Wednesday, July 26, 2006

Kent Wittenburg, Director, MERL Technology Laboratory
Kathy Ryall, DiamondTouch Project Leader

Selected HCI Research at MERL Technology Laboratory

Abstract

This talk will give an overview of selected research at the Technology Laboratory of MERL (Mitsubishi Electric Research Laboratories) http://www.merl.com/company/mtl.php. MERL Technology Lab focuses on developing technology and applications that can impact products or services of the parent company in a one-to-four-year timeframe. The main areas of work are computer vision, digital video, digital communications, data & sensor systems, and off-the-desktop interaction and display. Together with the MERL Research Lab, MTL has invented such HCI technologies as the DiamondTouch multi-user touch surface, implicit interaction for ambient retail environments, video sports highlights play, and spoken queries for multimedia content. The talk will be an overview of the lab's work with selected examples from the area of off-the-desktop interaction.

Bios:

Kent Wittenburg
After receiving his Ph.D. from the University of Texas at Austin, Kent Wittenburg worked at the Microelectronics and Computer Technology Corporation (MCC), Bellcore, and Verizon/GTE laboratories before joining Mitsubishi Electric Research Laboratories (MERL). His research has encompassed a variety of Human-Computer Interaction technologies including rapid serial visual presentation, multidimensional information visualization, visual languages for diagrams, and natural language. He managed groups in natural language interfaces and internet technologies prior to joining MERL as group manager of speech and HCI. Kent become director of MERL's Cambridge Systems Lab in 2002 and then director of MERL's Technology Lab at its inception in 2003.

Kathy Ryall
Kathy Ryall's research interests focus on the design of interfaces and interaction techniques to support multi-user collaboration on interactive shared surfaces.

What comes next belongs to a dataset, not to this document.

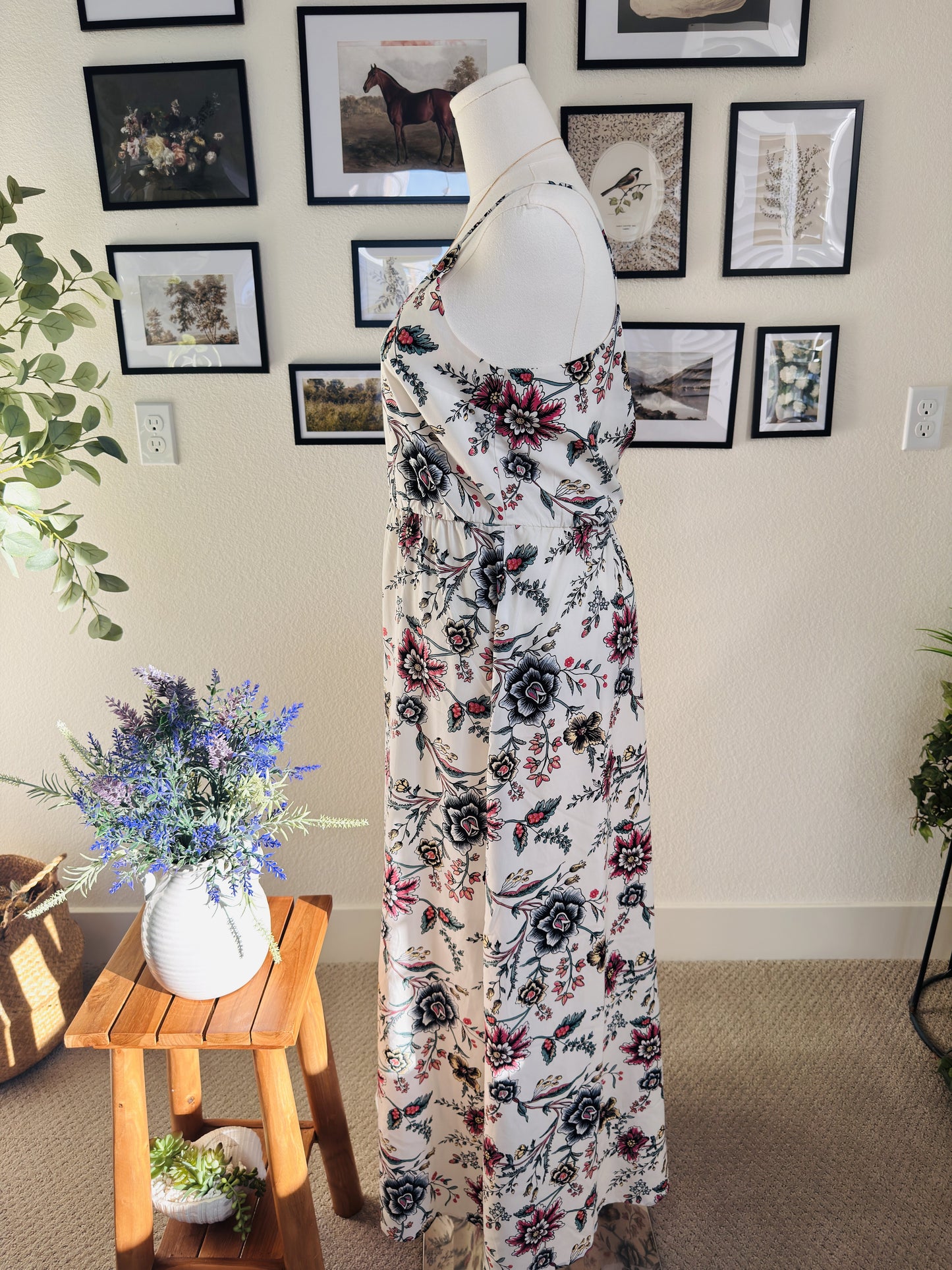 LOFT Floral Spaghetti Strap Wide-Leg Jumpsuit - Size 6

Since 2002 she has led the DiamondTouch project, developing the infrastructure for MERL's multi-user, multi-touch technology, coordinating external collaborations, and exploring its application across a variety of domains. Her research activities span the HCI and information visualization fields, with
recent projects such as UbiTable, HuGS, and Intelligent Multi-Dimensional Data Summarization. Kathy received her Ph.D. from Harvard University; prior to joining MERL she served as an Assistant Professor of Computer Science at the University of Virginia.